Exercise directions – Without including any images, set down the records below exactly.

Supplied records START

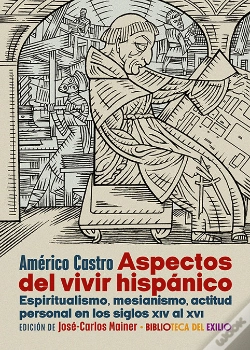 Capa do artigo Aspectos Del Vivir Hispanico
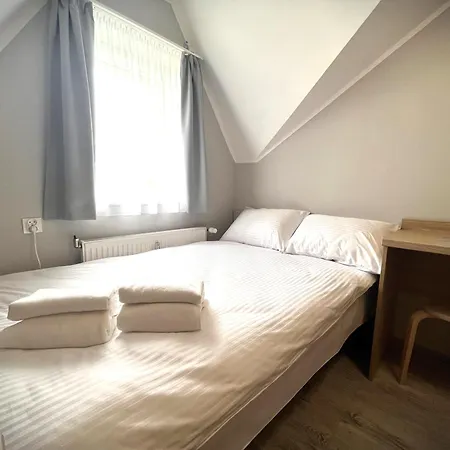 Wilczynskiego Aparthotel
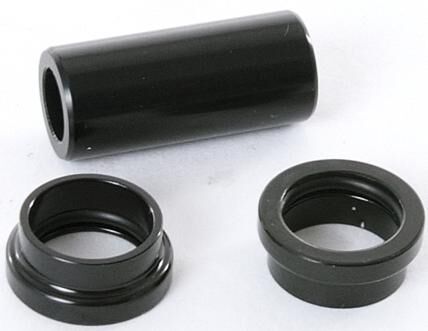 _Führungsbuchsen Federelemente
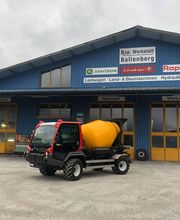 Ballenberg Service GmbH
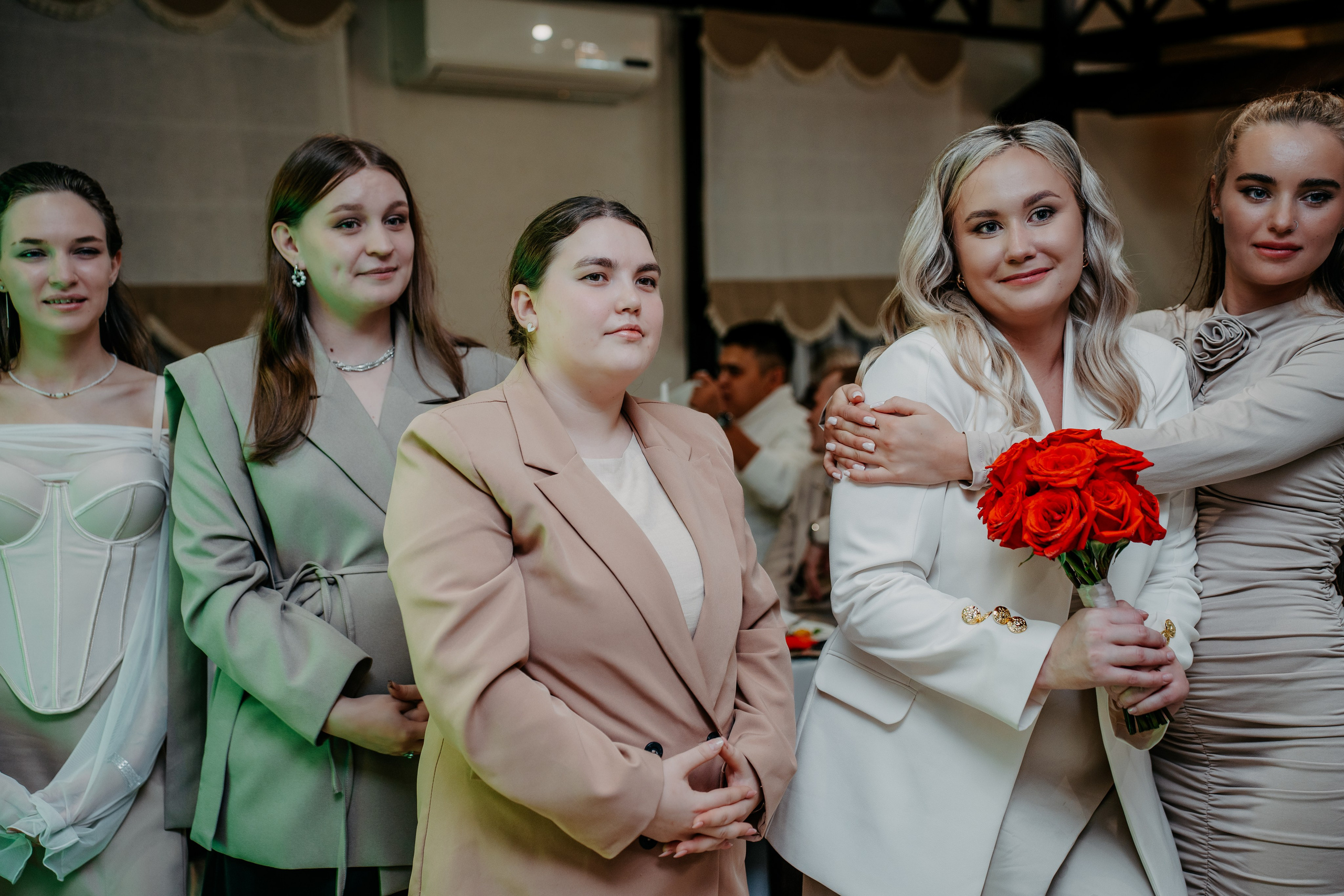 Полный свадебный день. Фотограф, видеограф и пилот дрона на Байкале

Supplied records END

Answer for this exercise –
 Capa do artigo Aspectos Del Vivir Hispanico
 Wilczynskiego Aparthotel
 _Führungsbuchsen Federelemente
 Ballenberg Service GmbH
 Полный свадебный день. Фотограф, видеограф и пилот дрона на Байкале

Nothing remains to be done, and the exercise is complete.